Ragland, 31, spoke in court Monday too. He read a letter he’d previously written about his case, in which he said he had acted stupidly and suffered repeated nightmares over the shooting.
“I can never rectify the life I took,” he said, apologizing to Edwards’ family. He also said he “will carry this hurt for the rest of my days.”
Young said he felt the letter was “sincere.”
Fayette Circuit Judge Julie Goodman, who handed down Ragland’s 10-year sentence, said she couldn’t put the situation into words “any better than that father did.”
“The one thing you could do for Mrs. Edwards and her family is to make something for yourself,” Goodman told Ragland in court. “... Get an education, use the mind that God has given you and make yourself a better person.”
Ragland had previously been charged with murder in the case but accepted a plea deal, reducing his charges and his sentence. He also pleaded guilty to two counts of wanton endangerment and one count of assault. He was sentenced to five years for each wanton endangerment charge, but Goodman decided to run those sentences at the same time as his manslaughter sentence.
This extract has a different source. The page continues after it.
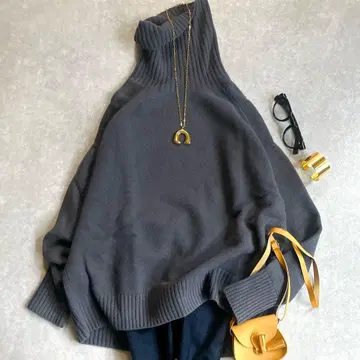 인기 이에나 AQUA 하이넥 와이드 풀오버 터틀넥 니트 긴팔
His fourth-degree assault conviction carried a sentence of 30 days, but because Ragland already had more than 2.5 years of custody credit while waiting for his case to be resolved, he won’t have to serve any additional time for that charge.
Ragland’s attorney, Antonio Tuddles, asked if Ragland could be transferred to Michigan to serve his sentence. Prosecutors said they had no objection to that, but Goodman said it would ultimately be up to the state Department of Corrections.
Ragland wasn’t the only one charged in the shooting. Gaige Jessie Phillips, 32, still faces several charges in the case which include facilitating murder. He hasn’t pleaded guilty but was scheduled to appear in court at the same time as Ragland Monday. Phillips’ attorney told the court Monday that Phillips had been detained by federal officials.
Phillips is facing other charges in federal court and was scheduled to be arraigned Tuesday after being indicted, according to court records.